Cuba: Art and Revolution – The National Art Schools of Havanna
50 Jahre nach der letzten Teilnahme an der XIV. Triennale von 1968 kehrt Kuba nach Mailand zurück. Unter der Leitung von Kommissarin Norma Rodríguez Derivet und dem Kurator Jorge Fernández Torres wird der Fokus auf die Nationalen Kunsthochschulen von Havanna gelegt, die zwischen 1961 und 1965 erbaut worden sind. Vom kubanischen Architekten Ricardo Porro stammt die Musik- und Bildhauerei-Hochschule, vom italienischen Architekten Roberto Gottardi die Hochschule der Darstellenden Künste und von seinem Landsmann Vittorio Garatti die Schule für Ballett und zeitgenössischen Tanz. „Die Schulen sind ungewöhnliche Beispiele organischer Architektur, die eine Verbindung und gegenseitigen Austausch mit der tropischen Natur herstellen und dem Zahn der Zeit widerstehen konnten“, erklärt Jorge Fernández Torres.
USA: RECKONstruct
Dass die derzeitige Politik des Weißen Hauses keineswegs die Teilnahme an einer Triennale torpediert, zeigt der US-amerikanische Beitrag RECKONstruct: eine Zusammenarbeit vom Kommissar Gregory Norris von SHINE (Sustainability and Health Initiative for NetPositive Enterprise) am MIT und dem Kurator Russel Fortmeyer. Während sich die anderen Länderschauen ebenso wie die Broken Nature Hauptausstellung vom Möbeldesign bewusst distanzieren: Genau hier wird es erstaunlich interieurbetont mit Stühlen, Hockern, Körben, Leuchten oder Fahrradzubehör aus vollständig recyceltem Kunststoff oder biobasierten Werkstoffen. Zu den Exponaten gehört der Drehstuhl Smart Ocean von Humanscale, der aus im Meer eingesammelten Plastikflaschen und Fischernetzen gefertigt wird und mit bloßem Auge von keinem „normalen“ Drehstuhl aus neuen Kunststoffen zu unterscheiden ist.
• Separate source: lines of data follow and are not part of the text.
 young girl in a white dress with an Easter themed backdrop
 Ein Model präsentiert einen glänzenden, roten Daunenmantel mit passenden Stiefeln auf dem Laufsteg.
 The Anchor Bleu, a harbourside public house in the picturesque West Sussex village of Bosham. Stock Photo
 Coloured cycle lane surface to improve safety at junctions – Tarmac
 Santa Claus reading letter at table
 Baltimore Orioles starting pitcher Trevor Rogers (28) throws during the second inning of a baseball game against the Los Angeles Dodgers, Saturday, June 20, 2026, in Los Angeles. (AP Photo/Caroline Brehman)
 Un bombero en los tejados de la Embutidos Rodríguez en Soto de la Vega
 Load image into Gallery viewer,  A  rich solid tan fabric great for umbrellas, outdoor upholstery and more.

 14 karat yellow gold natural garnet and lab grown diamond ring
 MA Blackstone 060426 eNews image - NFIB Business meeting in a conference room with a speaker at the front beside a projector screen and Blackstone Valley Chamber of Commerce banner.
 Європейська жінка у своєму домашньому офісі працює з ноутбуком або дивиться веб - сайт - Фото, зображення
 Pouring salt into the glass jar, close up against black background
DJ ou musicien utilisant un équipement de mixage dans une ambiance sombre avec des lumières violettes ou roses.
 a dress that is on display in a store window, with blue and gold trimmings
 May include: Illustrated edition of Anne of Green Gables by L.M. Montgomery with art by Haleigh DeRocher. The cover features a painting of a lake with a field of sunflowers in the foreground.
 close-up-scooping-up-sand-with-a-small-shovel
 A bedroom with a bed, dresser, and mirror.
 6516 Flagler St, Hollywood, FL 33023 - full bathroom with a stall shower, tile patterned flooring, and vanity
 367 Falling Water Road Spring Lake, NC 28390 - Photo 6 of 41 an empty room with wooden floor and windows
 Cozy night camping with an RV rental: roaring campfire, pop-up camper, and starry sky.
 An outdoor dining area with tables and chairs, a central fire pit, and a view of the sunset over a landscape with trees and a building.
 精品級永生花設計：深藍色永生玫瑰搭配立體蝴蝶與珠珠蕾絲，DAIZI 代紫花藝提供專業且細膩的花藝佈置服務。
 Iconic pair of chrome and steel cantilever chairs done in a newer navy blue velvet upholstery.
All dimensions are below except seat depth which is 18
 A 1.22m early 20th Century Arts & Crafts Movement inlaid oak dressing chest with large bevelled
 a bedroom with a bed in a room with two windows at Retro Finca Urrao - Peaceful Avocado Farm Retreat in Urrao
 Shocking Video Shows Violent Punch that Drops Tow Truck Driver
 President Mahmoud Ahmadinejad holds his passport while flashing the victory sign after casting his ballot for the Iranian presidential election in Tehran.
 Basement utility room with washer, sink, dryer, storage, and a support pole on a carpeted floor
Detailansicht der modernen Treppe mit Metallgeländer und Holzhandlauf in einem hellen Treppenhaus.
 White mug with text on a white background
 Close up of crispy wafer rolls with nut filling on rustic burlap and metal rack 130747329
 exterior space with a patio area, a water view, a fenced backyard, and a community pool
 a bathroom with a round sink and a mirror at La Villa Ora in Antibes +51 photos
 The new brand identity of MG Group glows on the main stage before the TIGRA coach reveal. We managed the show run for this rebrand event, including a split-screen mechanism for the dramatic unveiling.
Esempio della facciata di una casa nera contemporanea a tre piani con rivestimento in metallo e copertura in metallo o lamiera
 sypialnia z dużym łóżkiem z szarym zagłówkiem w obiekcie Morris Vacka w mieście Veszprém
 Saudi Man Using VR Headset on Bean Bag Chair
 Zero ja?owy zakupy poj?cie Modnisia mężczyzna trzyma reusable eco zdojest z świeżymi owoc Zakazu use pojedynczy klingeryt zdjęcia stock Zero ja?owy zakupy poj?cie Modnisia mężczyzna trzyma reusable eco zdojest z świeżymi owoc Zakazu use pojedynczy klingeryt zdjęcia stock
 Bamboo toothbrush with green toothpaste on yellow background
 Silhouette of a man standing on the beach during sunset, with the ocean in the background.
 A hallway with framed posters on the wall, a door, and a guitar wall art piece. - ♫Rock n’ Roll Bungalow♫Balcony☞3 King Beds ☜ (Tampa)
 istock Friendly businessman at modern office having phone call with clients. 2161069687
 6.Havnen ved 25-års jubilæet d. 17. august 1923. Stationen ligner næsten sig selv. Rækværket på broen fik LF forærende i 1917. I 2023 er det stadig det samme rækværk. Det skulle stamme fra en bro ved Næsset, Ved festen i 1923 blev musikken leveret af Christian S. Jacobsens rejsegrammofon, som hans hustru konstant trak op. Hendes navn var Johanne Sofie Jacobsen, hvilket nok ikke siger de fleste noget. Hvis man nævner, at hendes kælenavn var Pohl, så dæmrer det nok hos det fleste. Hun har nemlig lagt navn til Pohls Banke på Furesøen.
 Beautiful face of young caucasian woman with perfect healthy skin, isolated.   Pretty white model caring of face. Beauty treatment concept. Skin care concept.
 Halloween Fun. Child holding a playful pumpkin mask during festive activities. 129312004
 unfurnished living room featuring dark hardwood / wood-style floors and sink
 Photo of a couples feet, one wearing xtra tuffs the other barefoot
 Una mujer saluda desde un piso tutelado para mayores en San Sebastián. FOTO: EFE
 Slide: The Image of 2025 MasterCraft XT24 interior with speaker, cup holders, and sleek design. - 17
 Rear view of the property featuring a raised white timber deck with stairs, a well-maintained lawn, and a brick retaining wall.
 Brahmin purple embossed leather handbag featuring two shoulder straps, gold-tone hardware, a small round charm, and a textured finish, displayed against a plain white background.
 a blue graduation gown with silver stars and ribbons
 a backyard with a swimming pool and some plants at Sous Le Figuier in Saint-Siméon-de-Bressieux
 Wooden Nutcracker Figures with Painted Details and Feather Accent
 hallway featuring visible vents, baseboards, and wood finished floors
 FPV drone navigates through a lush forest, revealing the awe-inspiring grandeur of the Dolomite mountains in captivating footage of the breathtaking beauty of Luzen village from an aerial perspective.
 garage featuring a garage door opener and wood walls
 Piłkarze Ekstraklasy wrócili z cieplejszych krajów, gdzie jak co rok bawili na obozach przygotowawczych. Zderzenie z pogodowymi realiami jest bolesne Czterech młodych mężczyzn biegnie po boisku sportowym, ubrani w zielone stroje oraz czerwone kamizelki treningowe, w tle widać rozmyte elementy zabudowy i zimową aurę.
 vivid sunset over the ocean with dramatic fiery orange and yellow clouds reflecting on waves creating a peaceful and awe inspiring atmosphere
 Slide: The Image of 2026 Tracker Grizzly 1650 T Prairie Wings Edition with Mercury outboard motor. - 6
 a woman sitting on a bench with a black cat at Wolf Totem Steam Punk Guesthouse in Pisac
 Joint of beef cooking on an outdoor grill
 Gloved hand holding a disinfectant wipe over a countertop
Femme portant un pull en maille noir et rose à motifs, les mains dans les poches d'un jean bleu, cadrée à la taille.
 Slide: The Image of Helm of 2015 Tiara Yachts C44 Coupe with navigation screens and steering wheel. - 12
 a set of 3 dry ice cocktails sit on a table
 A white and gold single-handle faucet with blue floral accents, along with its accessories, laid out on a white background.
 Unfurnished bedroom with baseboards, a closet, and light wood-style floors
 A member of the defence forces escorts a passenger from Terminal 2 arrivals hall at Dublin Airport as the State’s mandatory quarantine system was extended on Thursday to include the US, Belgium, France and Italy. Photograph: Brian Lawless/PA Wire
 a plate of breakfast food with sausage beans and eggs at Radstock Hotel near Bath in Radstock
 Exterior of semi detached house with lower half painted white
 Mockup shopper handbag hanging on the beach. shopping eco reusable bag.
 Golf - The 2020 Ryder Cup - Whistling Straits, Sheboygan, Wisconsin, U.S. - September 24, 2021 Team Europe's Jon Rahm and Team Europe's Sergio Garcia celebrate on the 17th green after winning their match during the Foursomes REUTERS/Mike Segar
Stefano Mancuso: Nation of Plants
Nicht jeder Länderbeitrag muss von einer existierenden Nation stammen. Einen interessanten Vorstoß hat der Neurobiologe Stefano Mancuso mit der Nation der Pflanzen gesetzt. „Die Ausstellung basiert auf der Idee, dass einer der Wege, eine katastrophale Zukunft für die Menschen abzuwenden, in einem radikalen, neuen Zugang zu Pflanzen liegt. Dabei geht es nicht nur um das, was Pflanzen uns bieten, sondern vielmehr die Frage, was wir von ihnen lernen können“, erklärt Stefano Mancuso. Hintergrund sind aktuelle Studien, die belegen, dass auch Pflanzen Sinnesorgane besitzen, dass sie Erinnerungen speichern und untereinander kommunizieren. Die Ausstellung führt durch mehrere Instagram-taugliche Räume hindurch, die vom Marco Balich – dem Choreografen mehrerer Olympia-Eröffnungsfeiern – in Szene gesetzt wurde. Der Rundgang mündet in einem Raum, wo dem bislang nicht existierenden Land eine eigene Verfassung gewidmet wird.